Task goal:
Transcribe the records word for word, beginning with the first line and ending with the line that contains "1963 Chevrolet Black"; include nothing else.
*** Dataset excerpts ***
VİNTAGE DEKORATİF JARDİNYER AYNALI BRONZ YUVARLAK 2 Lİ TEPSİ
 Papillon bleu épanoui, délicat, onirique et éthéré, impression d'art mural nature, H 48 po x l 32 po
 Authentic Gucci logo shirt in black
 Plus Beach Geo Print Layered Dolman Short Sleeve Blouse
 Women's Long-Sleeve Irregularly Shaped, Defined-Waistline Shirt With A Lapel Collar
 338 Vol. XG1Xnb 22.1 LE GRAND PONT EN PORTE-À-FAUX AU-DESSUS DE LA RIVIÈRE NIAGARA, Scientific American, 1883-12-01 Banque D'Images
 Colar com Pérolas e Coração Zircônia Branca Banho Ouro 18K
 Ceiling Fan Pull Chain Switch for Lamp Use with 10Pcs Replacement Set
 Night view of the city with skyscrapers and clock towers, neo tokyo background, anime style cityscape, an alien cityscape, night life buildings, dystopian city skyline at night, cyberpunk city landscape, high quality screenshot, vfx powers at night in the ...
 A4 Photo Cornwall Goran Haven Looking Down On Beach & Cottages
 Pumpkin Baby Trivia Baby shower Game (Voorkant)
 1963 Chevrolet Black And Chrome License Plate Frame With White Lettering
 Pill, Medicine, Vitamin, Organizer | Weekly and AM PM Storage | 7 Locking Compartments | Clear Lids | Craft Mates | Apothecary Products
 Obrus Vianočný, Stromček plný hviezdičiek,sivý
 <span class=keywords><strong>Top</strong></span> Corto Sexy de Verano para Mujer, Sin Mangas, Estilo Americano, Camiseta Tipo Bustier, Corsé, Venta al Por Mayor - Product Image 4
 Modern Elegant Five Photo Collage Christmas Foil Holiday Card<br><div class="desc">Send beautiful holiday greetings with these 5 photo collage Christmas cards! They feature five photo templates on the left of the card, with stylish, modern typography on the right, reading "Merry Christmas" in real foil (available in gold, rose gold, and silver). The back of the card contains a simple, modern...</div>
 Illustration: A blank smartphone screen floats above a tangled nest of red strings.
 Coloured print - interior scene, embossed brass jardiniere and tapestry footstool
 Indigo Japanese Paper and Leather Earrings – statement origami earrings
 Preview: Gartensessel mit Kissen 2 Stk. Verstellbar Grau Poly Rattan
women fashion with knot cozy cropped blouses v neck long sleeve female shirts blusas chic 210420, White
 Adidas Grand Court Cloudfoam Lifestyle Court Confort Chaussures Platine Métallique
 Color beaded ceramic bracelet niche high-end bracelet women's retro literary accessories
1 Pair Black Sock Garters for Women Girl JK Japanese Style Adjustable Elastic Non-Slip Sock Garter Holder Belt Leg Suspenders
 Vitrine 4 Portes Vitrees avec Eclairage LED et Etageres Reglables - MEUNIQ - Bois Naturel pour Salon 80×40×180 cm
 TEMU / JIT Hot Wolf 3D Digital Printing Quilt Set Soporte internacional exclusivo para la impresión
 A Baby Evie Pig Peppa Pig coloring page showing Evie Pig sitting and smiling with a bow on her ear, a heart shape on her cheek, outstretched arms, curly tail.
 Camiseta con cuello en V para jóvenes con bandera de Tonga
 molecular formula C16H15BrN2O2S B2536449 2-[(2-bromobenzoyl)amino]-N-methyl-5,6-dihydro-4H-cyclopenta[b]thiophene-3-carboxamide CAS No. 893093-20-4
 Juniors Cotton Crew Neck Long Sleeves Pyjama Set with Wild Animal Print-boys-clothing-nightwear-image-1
***
Answer area:
VİNTAGE DEKORATİF JARDİNYER AYNALI BRONZ YUVARLAK 2 Lİ TEPSİ
 Papillon bleu épanoui, délicat, onirique et éthéré, impression d'art mural nature, H 48 po x l 32 po
 Authentic Gucci logo shirt in black
 Plus Beach Geo Print Layered Dolman Short Sleeve Blouse
 Women's Long-Sleeve Irregularly Shaped, Defined-Waistline Shirt With A Lapel Collar
 338 Vol. XG1Xnb 22.1 LE GRAND PONT EN PORTE-À-FAUX AU-DESSUS DE LA RIVIÈRE NIAGARA, Scientific American, 1883-12-01 Banque D'Images
 Colar com Pérolas e Coração Zircônia Branca Banho Ouro 18K
 Ceiling Fan Pull Chain Switch for Lamp Use with 10Pcs Replacement Set
 Night view of the city with skyscrapers and clock towers, neo tokyo background, anime style cityscape, an alien cityscape, night life buildings, dystopian city skyline at night, cyberpunk city landscape, high quality screenshot, vfx powers at night in the ...
 A4 Photo Cornwall Goran Haven Looking Down On Beach & Cottages
 Pumpkin Baby Trivia Baby shower Game (Voorkant)
 1963 Chevrolet Black And Chrome License Plate Frame With White Lettering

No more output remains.